Moath Hamza Ahmed al-Alwi, a Yemeni national who has been detained at the American prison facility at Guantánamo Bay since 2002, weighs only 98 pounds. Never charged with a crime, al-Alwi, now 35 years old, is one of many detainees at the camp who have gone on a prolonged hunger strike.
As described in a recent petition submitted to the Inter-American Commission on Human Rights (IACHR) by his lawyers, al-Alwi’s mental and physical state is seriously deteriorating after two years on hunger strike, and subsequent force-feeding.
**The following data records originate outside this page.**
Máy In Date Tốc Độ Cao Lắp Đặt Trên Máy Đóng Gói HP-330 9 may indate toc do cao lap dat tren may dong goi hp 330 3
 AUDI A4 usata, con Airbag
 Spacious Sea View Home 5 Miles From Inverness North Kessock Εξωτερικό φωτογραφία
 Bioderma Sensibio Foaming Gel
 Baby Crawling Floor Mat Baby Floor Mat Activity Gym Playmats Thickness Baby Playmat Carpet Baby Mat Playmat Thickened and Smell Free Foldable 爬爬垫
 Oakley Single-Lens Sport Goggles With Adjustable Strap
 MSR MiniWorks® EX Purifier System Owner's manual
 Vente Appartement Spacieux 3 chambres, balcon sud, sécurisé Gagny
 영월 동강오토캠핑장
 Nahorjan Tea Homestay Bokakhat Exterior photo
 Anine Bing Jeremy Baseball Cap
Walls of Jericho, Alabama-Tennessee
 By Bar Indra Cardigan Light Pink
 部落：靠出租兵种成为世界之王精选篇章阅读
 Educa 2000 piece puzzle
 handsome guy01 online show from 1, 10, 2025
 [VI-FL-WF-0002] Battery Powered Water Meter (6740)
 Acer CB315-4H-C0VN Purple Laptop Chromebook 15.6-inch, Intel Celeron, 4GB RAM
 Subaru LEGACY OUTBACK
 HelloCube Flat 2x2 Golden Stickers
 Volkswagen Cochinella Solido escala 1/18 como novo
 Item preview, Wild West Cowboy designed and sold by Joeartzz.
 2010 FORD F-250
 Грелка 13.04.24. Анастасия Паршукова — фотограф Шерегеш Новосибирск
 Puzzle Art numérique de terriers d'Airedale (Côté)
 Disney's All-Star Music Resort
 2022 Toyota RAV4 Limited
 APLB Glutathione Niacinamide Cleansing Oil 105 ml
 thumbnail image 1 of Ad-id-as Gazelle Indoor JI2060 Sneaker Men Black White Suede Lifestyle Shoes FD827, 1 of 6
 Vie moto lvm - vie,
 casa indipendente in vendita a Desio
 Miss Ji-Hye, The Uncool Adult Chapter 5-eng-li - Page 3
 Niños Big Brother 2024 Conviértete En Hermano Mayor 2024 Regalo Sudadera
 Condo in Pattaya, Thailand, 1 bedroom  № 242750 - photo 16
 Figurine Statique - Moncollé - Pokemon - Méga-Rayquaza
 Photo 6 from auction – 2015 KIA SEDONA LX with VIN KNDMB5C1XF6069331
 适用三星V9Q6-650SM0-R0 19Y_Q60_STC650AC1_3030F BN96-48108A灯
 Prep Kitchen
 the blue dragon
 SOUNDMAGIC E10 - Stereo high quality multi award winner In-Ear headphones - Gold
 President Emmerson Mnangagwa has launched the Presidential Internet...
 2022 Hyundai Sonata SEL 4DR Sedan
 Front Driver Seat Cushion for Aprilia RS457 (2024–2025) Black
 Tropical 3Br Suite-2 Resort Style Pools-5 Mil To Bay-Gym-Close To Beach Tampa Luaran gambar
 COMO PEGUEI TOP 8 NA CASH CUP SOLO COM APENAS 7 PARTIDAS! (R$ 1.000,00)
Since commencing his strike in February 2013, al-Alwi alleges that he has been subjected to escalating physical and psychological abuse from guards, as well as increasingly brutal force-feeding procedures administered by medical personnel at the camp. Human rights organizations have described the force-feeding procedure employed at Guantánamo as torture, and the U.S. government has fought to keep video footage of the force-feeding of al-Alwi and other hunger-striking detainees from public view.
Al-Alwi, who has described his strike as “a form of peaceful protest against injustice,” has said that he will not resume eating until there is some sort of legal resolution to his case. Prison officials have responded to his hunger strike by placing him in solitary confinement, denying him access to prescribed medical items and subjecting him to extreme temperatures in his cell.